Pubblicato il 28-09-2016


Egregio Direttore,
in Ungheria, stato membro dell’Unione europea, lungo le strade della sua splendida capitale, per settimane si sono visti i cartelloni gialli e blu contro i migranti, con sei o sette slogan diversi, tutti pieni di falsità. Quella era la propaganda non ufficiale. Non ufficiale in quanto precedente ai tempi stabiliti dalla legge. Ora, dalle domande seguite da risposte bugiarde, si è passati a un solo tipo di cartello, i colori sono quelli della bandiera nazionale, lo slogan uno solo: non prendere rischi, al referendum vota no.
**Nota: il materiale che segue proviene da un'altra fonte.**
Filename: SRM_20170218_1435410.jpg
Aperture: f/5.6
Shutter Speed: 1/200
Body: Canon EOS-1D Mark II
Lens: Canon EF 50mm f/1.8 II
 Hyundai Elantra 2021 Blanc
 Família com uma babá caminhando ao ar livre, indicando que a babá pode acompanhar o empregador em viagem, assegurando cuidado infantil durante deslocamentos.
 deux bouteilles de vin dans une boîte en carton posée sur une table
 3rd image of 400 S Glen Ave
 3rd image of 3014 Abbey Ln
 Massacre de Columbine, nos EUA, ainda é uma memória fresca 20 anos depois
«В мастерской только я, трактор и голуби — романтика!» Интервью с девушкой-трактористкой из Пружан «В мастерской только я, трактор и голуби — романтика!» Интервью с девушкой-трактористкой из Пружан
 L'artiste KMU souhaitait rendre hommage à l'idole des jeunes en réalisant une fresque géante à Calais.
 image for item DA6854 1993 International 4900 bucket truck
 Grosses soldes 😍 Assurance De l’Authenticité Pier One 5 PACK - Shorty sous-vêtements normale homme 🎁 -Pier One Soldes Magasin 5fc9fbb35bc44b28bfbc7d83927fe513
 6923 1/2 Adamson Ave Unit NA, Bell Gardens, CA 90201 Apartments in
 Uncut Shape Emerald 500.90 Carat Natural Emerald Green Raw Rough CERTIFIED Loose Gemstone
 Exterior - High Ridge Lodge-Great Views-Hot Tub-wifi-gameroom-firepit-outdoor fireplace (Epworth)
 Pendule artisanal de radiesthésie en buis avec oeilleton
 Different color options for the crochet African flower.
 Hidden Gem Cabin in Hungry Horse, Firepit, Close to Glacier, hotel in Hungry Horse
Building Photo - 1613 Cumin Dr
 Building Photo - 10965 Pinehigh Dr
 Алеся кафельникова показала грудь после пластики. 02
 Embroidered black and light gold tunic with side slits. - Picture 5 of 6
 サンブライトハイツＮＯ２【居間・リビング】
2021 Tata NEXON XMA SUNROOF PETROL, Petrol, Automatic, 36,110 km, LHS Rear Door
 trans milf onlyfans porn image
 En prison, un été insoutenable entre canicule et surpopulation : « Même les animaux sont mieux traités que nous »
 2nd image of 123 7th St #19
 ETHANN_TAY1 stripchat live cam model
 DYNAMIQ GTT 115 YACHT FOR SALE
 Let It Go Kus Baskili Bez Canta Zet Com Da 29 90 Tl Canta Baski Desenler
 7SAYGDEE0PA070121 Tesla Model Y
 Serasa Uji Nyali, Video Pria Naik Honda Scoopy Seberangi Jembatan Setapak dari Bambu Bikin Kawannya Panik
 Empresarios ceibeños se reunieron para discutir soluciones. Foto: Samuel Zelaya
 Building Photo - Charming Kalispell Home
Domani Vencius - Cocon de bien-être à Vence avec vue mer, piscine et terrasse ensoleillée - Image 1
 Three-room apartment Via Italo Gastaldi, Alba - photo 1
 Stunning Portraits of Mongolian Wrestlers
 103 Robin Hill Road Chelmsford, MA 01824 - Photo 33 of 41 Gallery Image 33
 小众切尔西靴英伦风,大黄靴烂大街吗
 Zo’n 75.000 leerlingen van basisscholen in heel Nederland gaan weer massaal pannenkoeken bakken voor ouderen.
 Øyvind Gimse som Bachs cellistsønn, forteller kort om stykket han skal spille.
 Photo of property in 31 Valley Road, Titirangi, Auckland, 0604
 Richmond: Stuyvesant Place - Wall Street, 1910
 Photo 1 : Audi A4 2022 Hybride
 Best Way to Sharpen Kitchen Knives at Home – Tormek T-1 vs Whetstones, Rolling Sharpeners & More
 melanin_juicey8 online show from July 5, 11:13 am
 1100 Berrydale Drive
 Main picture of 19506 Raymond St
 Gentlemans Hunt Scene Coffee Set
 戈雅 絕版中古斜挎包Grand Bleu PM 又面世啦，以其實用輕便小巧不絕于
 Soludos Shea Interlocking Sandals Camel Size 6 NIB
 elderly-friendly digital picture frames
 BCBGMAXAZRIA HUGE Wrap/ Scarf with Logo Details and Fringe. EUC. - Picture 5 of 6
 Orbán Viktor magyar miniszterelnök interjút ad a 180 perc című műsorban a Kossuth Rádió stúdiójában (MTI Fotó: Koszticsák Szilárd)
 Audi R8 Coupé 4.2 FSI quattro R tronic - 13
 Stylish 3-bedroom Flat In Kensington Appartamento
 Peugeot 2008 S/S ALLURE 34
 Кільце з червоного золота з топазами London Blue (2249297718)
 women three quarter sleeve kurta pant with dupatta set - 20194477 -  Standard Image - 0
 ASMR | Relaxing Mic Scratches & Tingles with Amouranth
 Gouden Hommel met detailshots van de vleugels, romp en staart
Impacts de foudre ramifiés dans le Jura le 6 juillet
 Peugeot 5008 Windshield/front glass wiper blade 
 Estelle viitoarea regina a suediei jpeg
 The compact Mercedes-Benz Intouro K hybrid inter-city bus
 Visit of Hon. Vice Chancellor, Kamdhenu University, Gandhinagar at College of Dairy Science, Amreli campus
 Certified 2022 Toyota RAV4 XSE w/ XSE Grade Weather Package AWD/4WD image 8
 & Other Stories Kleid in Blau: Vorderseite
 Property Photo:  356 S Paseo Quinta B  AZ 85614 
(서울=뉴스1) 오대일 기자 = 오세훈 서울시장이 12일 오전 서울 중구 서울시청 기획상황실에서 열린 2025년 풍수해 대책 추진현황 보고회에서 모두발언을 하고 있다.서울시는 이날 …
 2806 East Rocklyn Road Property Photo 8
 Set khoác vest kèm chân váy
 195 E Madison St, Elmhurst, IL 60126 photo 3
Il tutto, ovviamente, sponsorizzato e approvato dal governo del signor Orban. Ora la propaganda contro i migranti tappezza anche gli autobus del servizio pubblico. Dittatura? Poco ci manca ormai.

In queste settimane mi sono chiesto quale siano i motivi per i quali l’UE continua a tacere sula questione ungherese. Può il governo di un membro europeo perseguire così apertamente politiche contrarie ai più elementari diritti umani? Non mi riferisco solo alla propaganda contro i migranti, ma anche alla barriera con Serbia e Croazia (Paese UE ) e alle condizioni inumane in cui sono accampati, nei pressi di quelle barriere, centinaia di disperati. Può il ministro degli esteri di un Paese europeo essere così spudorato e arrogante da dichiarare alla BBC che i migranti stanno creando, in Europa, zone accessibili solo a loro? Una sola voce si è levata, quella del ministro degli esteri lussemburghesi, che ha proposto l’espulsione della’Ungheria dall’UE a causa delle sistematiche violazioni dei principi che sono alla base dell’Unione. Una voce, niente più.